Supplied data ->
[Start of section]

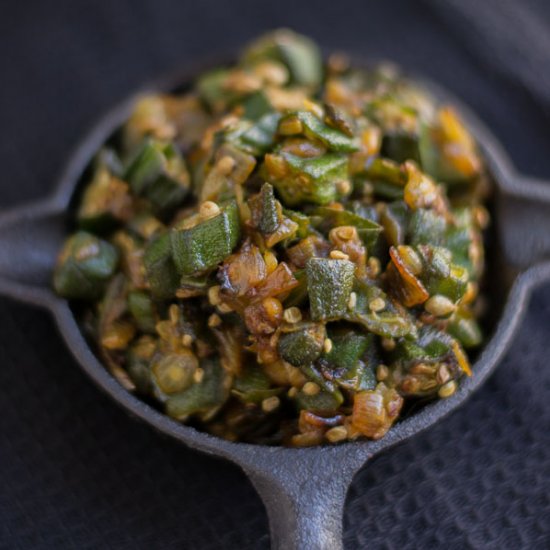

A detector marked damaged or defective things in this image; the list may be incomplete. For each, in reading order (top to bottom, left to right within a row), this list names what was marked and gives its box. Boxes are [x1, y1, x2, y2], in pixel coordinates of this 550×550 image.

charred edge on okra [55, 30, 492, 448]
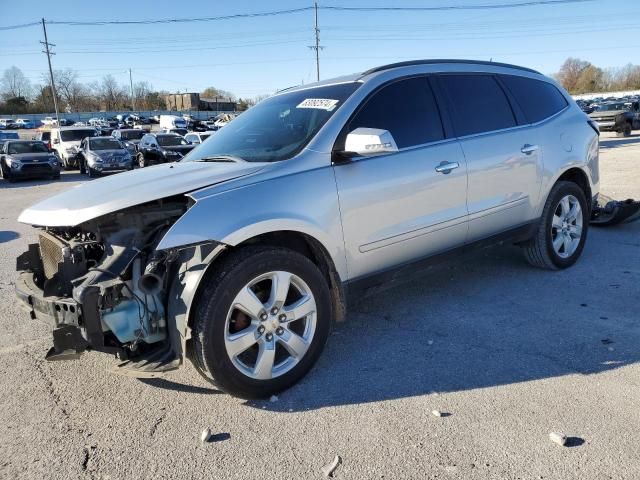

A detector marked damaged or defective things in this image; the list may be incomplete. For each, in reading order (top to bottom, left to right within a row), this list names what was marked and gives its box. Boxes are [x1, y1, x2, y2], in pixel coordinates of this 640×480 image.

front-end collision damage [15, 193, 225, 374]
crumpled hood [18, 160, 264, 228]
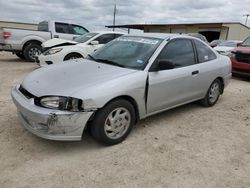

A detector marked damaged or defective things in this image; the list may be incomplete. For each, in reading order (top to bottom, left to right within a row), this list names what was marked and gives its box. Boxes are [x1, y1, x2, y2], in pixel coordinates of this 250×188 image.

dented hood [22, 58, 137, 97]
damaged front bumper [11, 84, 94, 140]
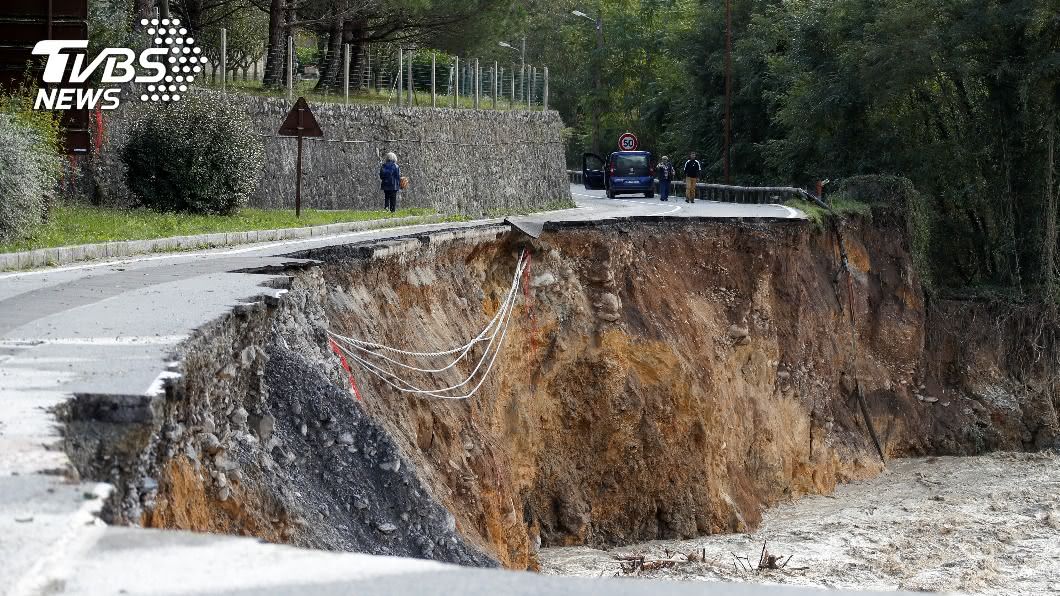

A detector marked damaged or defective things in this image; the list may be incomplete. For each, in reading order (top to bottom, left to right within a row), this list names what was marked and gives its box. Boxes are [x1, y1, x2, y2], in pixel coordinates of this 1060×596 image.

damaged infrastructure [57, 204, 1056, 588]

[End of section]

Your goal -> Where an entry holds a picture, drop it and transcribe everything else exactly.

Solution to the problem ->
A detector marked damaged or defective things in this image; the list may be incomplete. For each, in reading order (top to bottom, left to right within a row), this list names what was marked and gives its box. Boxes are [x1, y1, x2, y2], in pixel coordinates of this 550×550 image.

charred edge on okra [55, 30, 492, 448]

A detector marked damaged or defective things in this image; the list may be incomplete. For each, in reading order (top to bottom, left to right within a row), this list names what was marked and gives its box. Boxes are [x1, y1, x2, y2], in pixel coordinates of this 640×480 image.

front-end collision damage [15, 193, 225, 374]
crumpled hood [18, 160, 264, 228]

A detector marked damaged or defective things in this image; the list may be incomplete. For each, in reading order (top to bottom, left to right within a row), this list names what was marked and gives its box. Boxes are [x1, y1, x2, y2], in pixel coordinates of this 250×188 image.

dented hood [22, 58, 137, 97]
damaged front bumper [11, 84, 94, 140]

A detector marked damaged or defective things in this image; the list may be incomplete. For each, in reading order (top to bottom, left to right within a row), this list names what was marked and gives its box. Boxes are [x1, y1, x2, y2], in pixel coordinates of this 1060×596 image.

damaged infrastructure [57, 204, 1056, 588]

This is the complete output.